- If I were alive in the time of Jesus, and I got to hear him and see him in person, then maybe I'd believe.
- How do we know he actually rose from the dead?
- What about all those people who lived and died before Jesus came or never knew about Him at all? Are they just damned to hell?
- I'd believe in God if He came to me in a burning bush or parted the sea in front of me or led me by a pillar of fire or talked to me directly...
I love stuff like that. I think those are good questions and are often asked by genuine seekers who simply can't or don't want to leap those hurdles in faith.
My answer to them usually revolves around the reality of our faith today, which becomes sort of distilled version of the definition of the Kingdom of God that I came up with in my thesis.
The Kingdom of God is mystical (felt and known within us), ecclesial (experienced through the Church that Christ established for us), and Christological (found in Christ Himself). And when it comes to the salvation-history, to our consideration of how God has intervened throughout time to interact with humanity to bring us to our salvation, we are living in the era of the Church: there was the time of The Law and the Prophets (up to and including John the Baptist), the time of Jesus' life, Passion, and Resurrection, and the era of the Church, beginning with Jesus' Ascension to Heaven and His commissioning of the Apostles ("[Y]ou will receive power when the holy Spirit comes upon you, and you will be my witnesses in Jerusalem, throughout Judea and Samaria, and to the ends of the earth.)

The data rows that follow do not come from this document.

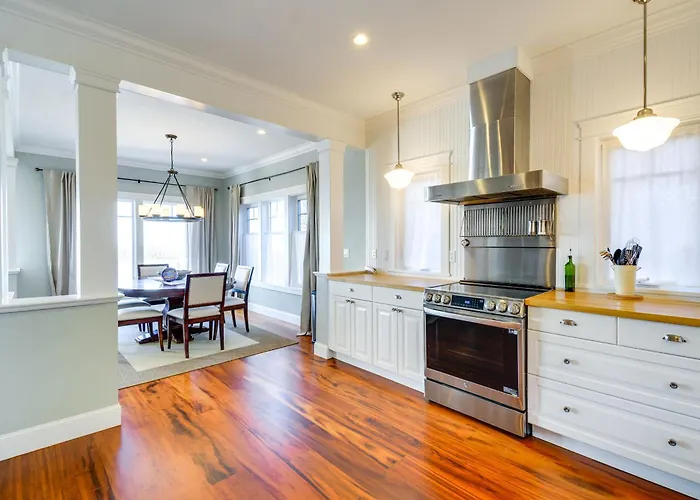 4Br/4Ba Beachfront Retreat With Hot Tub And Sauna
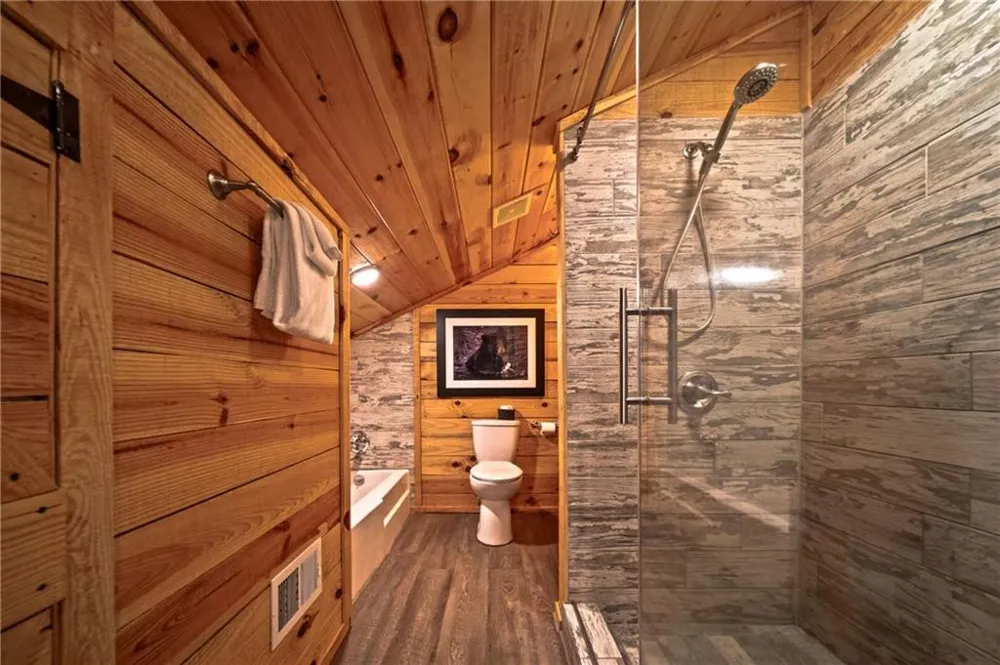 469 Lake Drive Ellijay, GA 30536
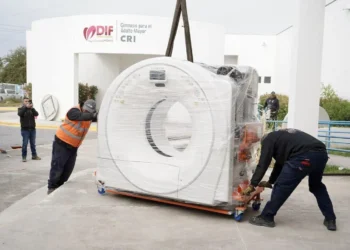 SISTEMA DIF Adquiere CRI tomógrafo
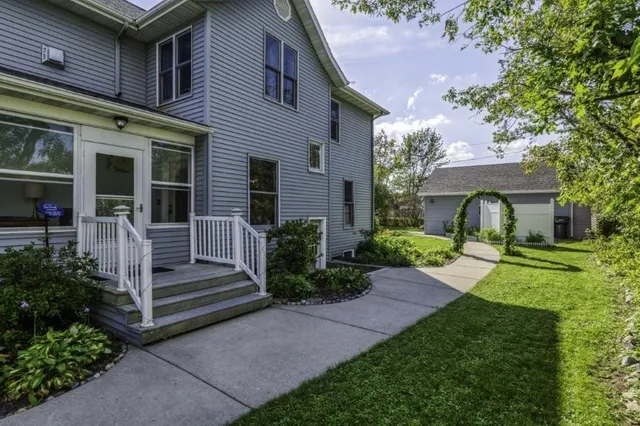 $518,900 | 915 Lake Boulevard Northeast, Bemidji, MN 56601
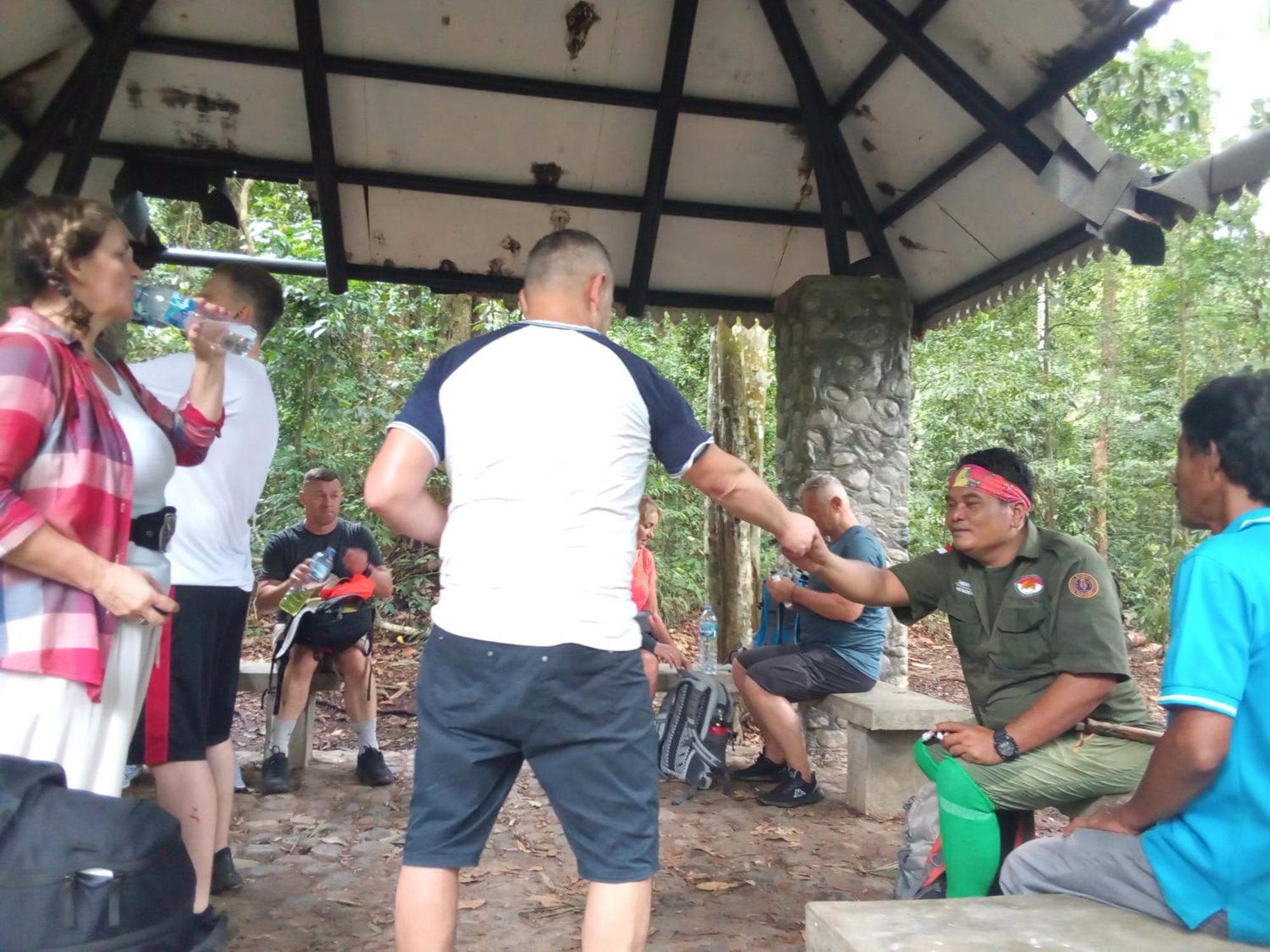 Jungle Treking & Jungle Tour If You Want To Stay Here,You Must Book Treking Only With Us Букіт-Лаванґ Екстер'єр фото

We live in the era of the Church, united together as the New Israel, as the chosen people of God through our life in Jesus Christ, His Son. We realize the Kingdom of God through our communion with Christ and with one another inasmuch as we look forward to Christ's return to fulfill our Church's faith and hope and make perfect our love through eternal life in Him. Jesus taught us to pray, "Thy kingdom come, thy will be done, on earth as it is in Heaven." We glimpse Heaven and the everlasting joy of union with God when we do God's will on earth.
The "source and summit" of our faith in the Church is the Eucharist. Jesus told us, "This is my body; this is my blood. Do this in memory of me." And so we do.
And by the power of the Holy Spirit - the same Spirit that came to the Virgin Mary so that God might become man in the Incarnation - Jesus comes among us in the Mass to change the inner elements of simple bread and wine into His Body and Blood. Through the Eucharist, we join in the Lord's Supper with every Christian in every place and throughout all time to experience communion with Christ and one another. By consuming the Body and Blood, we strive to become what we receive: Christ.
And this my friends is the reality: that we do get to see and hear Him in person - in the Word, in the Eucharist, at Mass and in Adoration. We do know that He rose from the dead because He dwells among us still. We experience communion with Christians around the world, and with Christians in the early Church and in the Church-yet-to-come, because the saving power of Christ and our communion with Him through Baptism reach beyond time and space as the loving power of our God.
He may not come today in a burning bush or a pillar of fire or an immaculate ark or write rules on stone by fire. But I think He meets us where we are.
The Israelites toiled through life in a different context. They were a primitive civilization that struggled to find its own land, that weathered the oppression of slavery and captivity, that existed in an era without so much of the technology that even the later Greco-Roman culture of Jesus' time enjoyed. They had less knowledge, cognition, and sophistication. God knew the nature of His people and their hearts, and His actions in that era of salvation-history (The Law and the Prophets) reflected that.
These people needed a God of grand gestures. They had limited intelligence, less awareness, and a more shallow level of understanding, so God interacted with them in incredible ways. He purified desert water with wood; He gave them commands on stone tablets; He parted a sea for their miraculous escape; He rained bread from heaven, and so on. God spared no expense in showing His love and care for Israel, yet people still doubted!
God never intervenes so much as to inhibit our total freedom, to tread upon our capacity to make an active choice to choose love, goodness, and God. He reveals Himself in a way that still requires some faith and some hope.
The same goes for the people of Jesus' time, who needed God to become a man and speak words and make physical actions and walk human steps with them. We need this God-man, too, and we inherit this God-man through our Scriptures and the Tradition of the Church that He began. He comes to us in Word and Sacrament because God has revealed Himself in this way and will continue to do so, until Christ returns at the end of time to gather His people to Himself in the New Jerusalem.
God's interaction with humanity throughout time is a manifestation of His omniscience and omnipotence. He knows everything of His Creation and can do anything He wants for the sake of our salvation. And our God is omnibenevolent. He only acts in ways that will draw us to life and love in Him.
So, let's muster up some new trust in God! He is looking to meet us where we are, to come to us in a way fitting to where He finds us. He is always looking for us, seeking to share His love so that we might receive it and give it away to others.
He fired up a bush to speak to Moses; He parted a sea for the Israelites; He came to Elijah in a small voice after the fire and storms passed; He became man and lived, died, and rose for the first-century people and all of us; and He comes to us in Word and Sacrament so that we might build His Kingdom through the Church.
Take a look around for Him. He's already searching for you.